Let’s say, you decided to NOT use a great complex solution from SolarWinds, but still look for a great monitoring solution. In this case, Zabbix is your best friend. Its flexibility could be a great asset for the company, but it is still not the ideal solution. Here is a simple solution to how to build up a fault-tolerant Zabbix cluster.

What we would like to achieve: we would like to have a fault-tolerant front end (Zabbix server + Web UI), fault-tolerant backend (database cluster), and the ability to monitor thousands of hosts with hundreds of items/parameters at each, and we could set data gathering period to 1 min, to have a huge amount of historical and actual data. I tested this solution with a HIGH number of gathered parameters (more than 300k items queried every minute) and a HUGE database (~1Tb). Solution working fine, without any noticeable delays in queries.

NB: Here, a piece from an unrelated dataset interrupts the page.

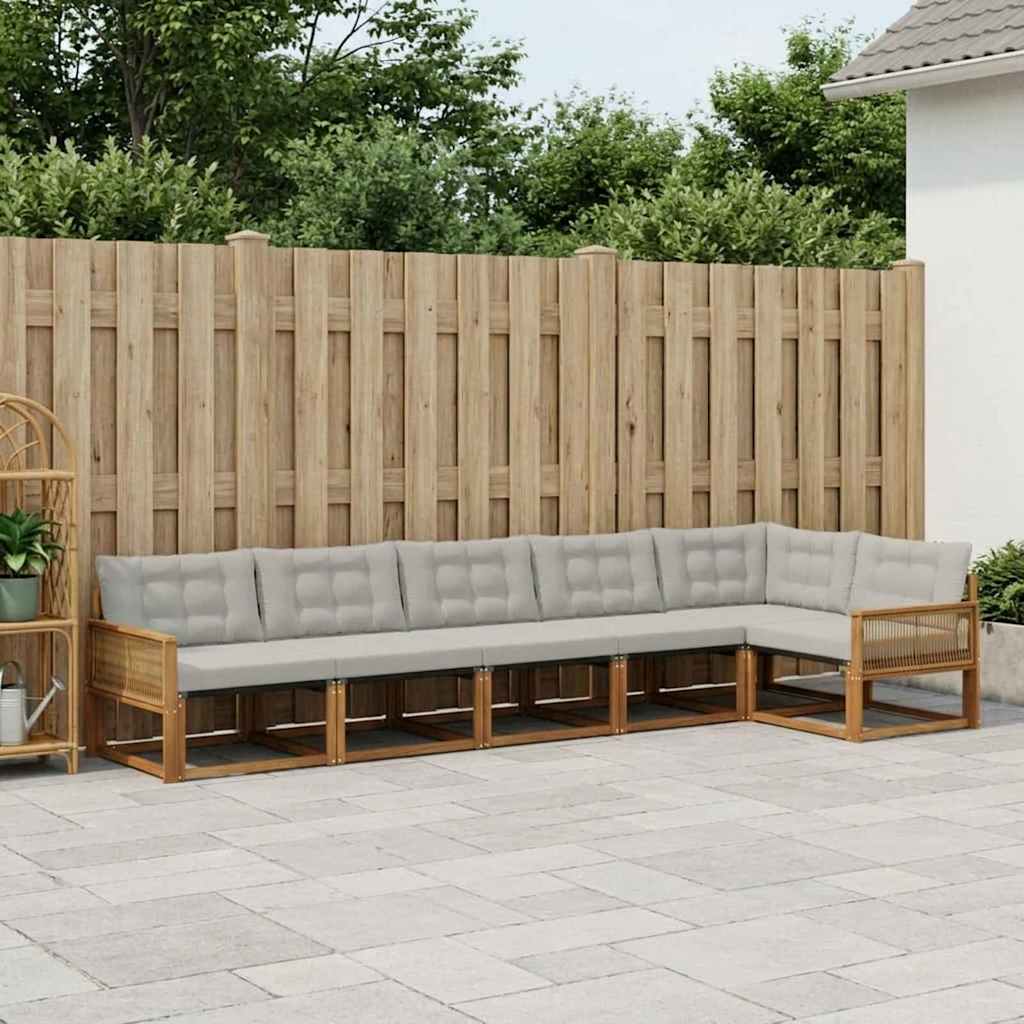 vidaXL Σειρά Καναπέ Εξωτερικού 6 pcs Φυσικό και Ανοιχτό Γκρι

Should note: The efficiency of a solution depends on assigned resources and the configuration of servers – resource shortage and bad configuration will lead to degraded performance, glitches, and potential instability of the cluster.

The solution itself:
Front-end and Zabbix server = Nginx + Zabbix web UI + native Zabbix HA. (2 servers are enough).
Database cluster solution = MariaDB + Galera (I`m advising to use 3 or more database servers, but still working fine with 2 database servers. Notice: yep, subject of assigned resources and server configuration).
Zabbix proxy = dockerized Zabbix proxy (if you need to run custom scripts – you will need to rebuild the docker container). Notice: yep, also the subject of assigned resources and server configuration (and container configuration).

If you do this with the right resources and correct configuration you will get a great monitoring solution.

Fault tolerant DNS cluster

Yep. For small companies, it might be not important, how you build/configure your DNS servers, as you might need to serve just a few queries per second or a few queries per minute. But good design is key to success if your goal is to serve thousands and thousands of queries per minute or second.
Here is an example of a design that will allow you to achieve this goal.

Queries go from up to down (to the DNS cluster).

The first line – “FW/LB” – is Load Balancer. Any. It could be a Fortigate firewall, working in pair with another firewall, It could be an F5 Load balancer, a solution based on Cisco devices.

The second line – is a group of DNS servers. It is not a cluster, but standalone DNS servers, configured as DNS caches, this means they will store recent DNS queries in memory (in case no records are present in memory DNS server will query Auth DNS server), and I`m advising you to use three DNS servers. But you can use more, or less. That depends on your tasks/goals, but never use a single server.

The third line – “FW/LB” again. With the same purpose – to rebalance queries between Auth DNS servers.

The fourth line (last, but not least important) – Authoritative DNS servers. In this case, the best practice is to use two: primary and backup servers with zone transfer between them. But you can also use more servers or less (if you feel lucky), that again depend on how big your system load is.

You can even create a fifth line and call it the “source of truth” and put the primary (master) DNS server there, living only backup (secondary) DNS servers in the fourth line.